**TASK STATEMENT:**
In the records below, the part to copy starts at the line containing "Immagine 11 di" and goes to the last line; output it exactly, without pictures.
Content starts
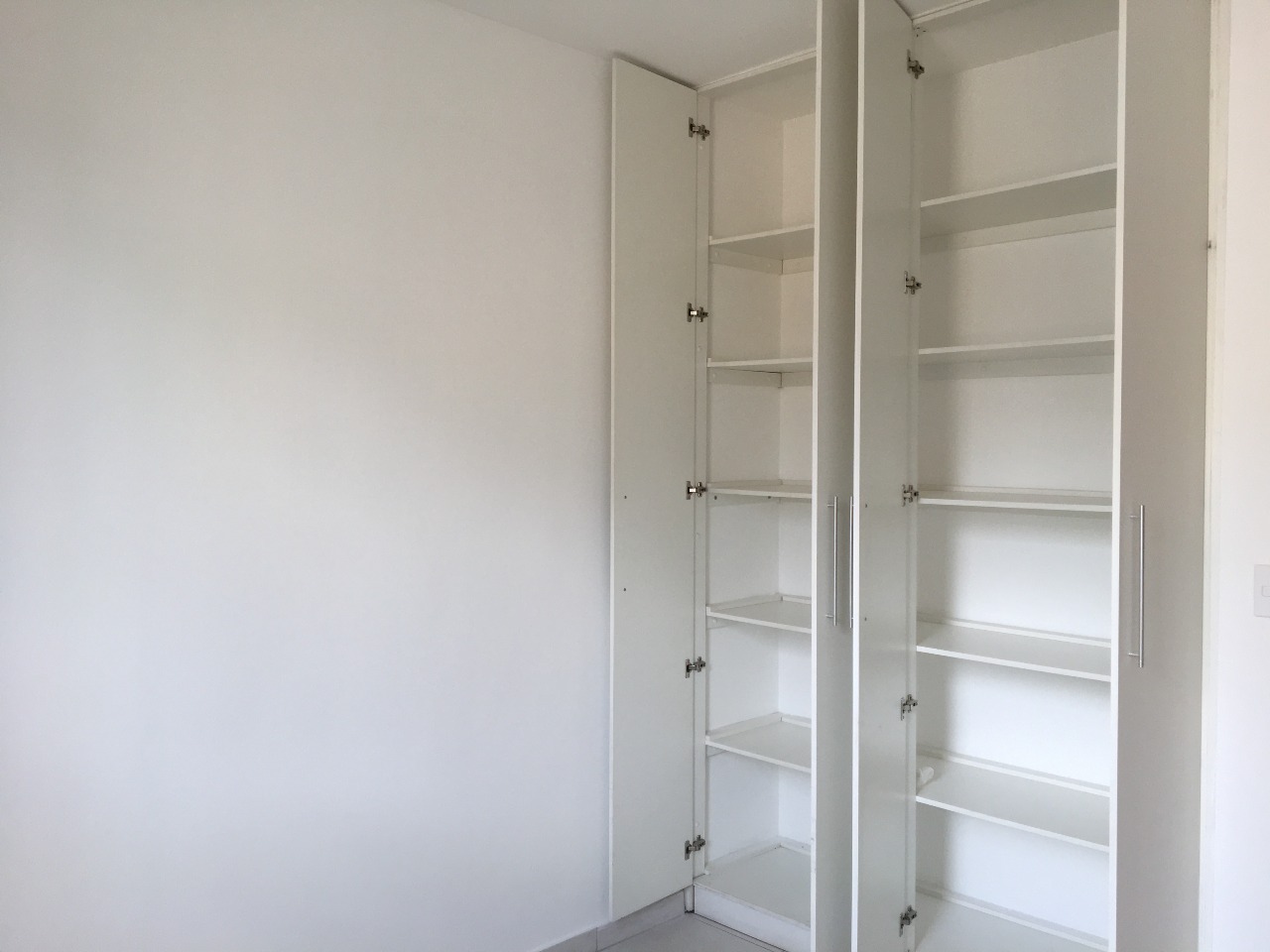 Apartamento à venda no Názia II: 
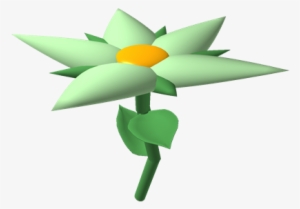 Simple Daffodil - Illustration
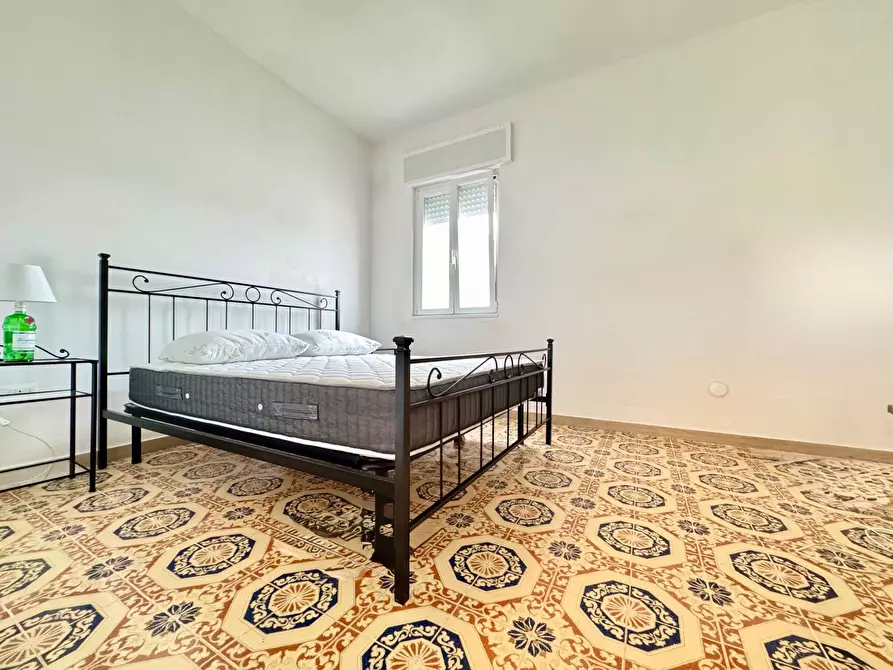 Immagine 11 di Villetta a schiera in vendita  in via Porto Gruaro 7 a Lecce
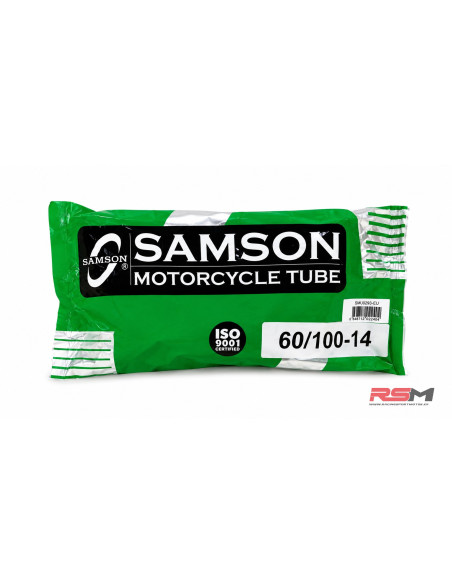 Cámara de Aire Samson 60/100-14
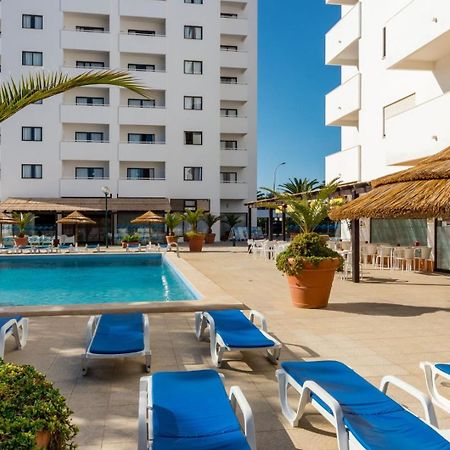 Appartement The Albufeira Concierge - Pool & Sunset Balconies Extérieur photo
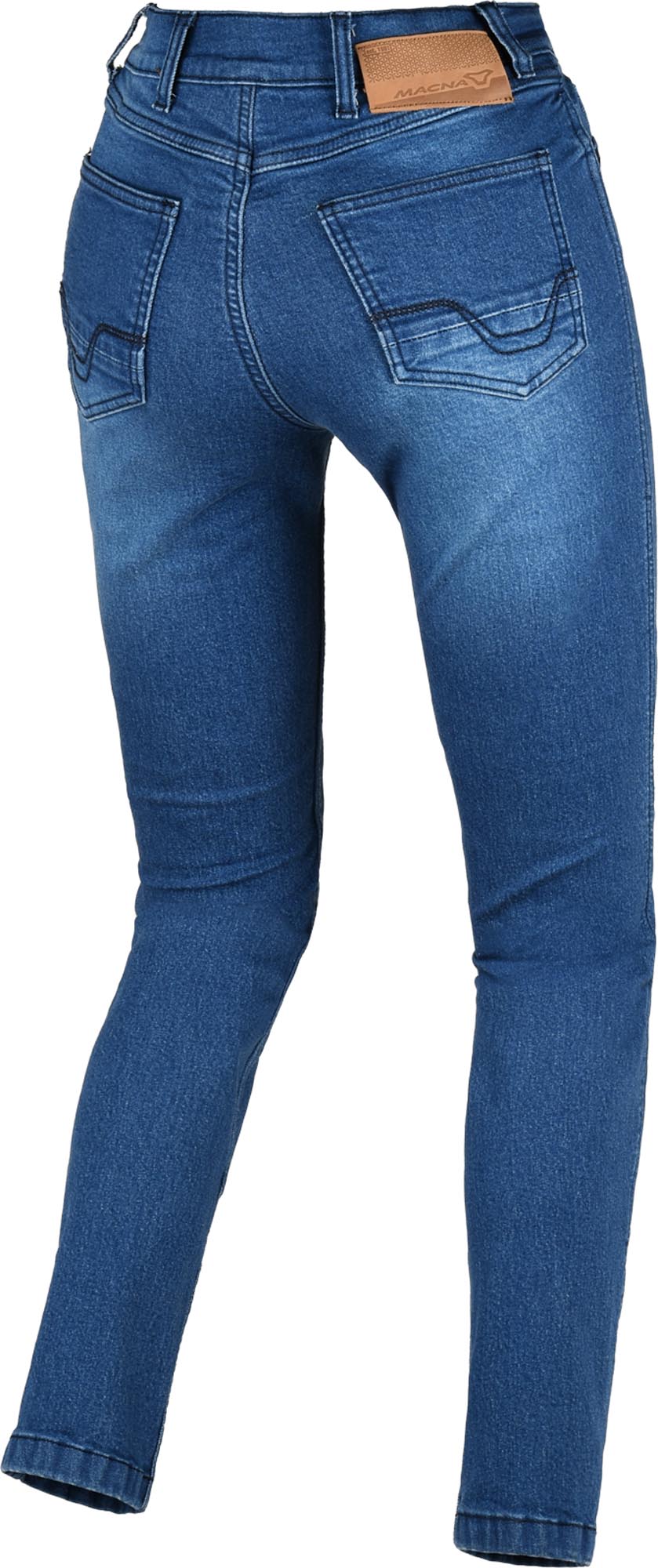 Macna Vallon Ladies Motorcycle Jeans 28 Figure 2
Content ends
**RESPONSE TO THIS TASK:**
 Immagine 11 di Villetta a schiera in vendita  in via Porto Gruaro 7 a Lecce
 Cámara de Aire Samson 60/100-14
 Appartement The Albufeira Concierge - Pool & Sunset Balconies Extérieur photo
 Macna Vallon Ladies Motorcycle Jeans 28 Figure 2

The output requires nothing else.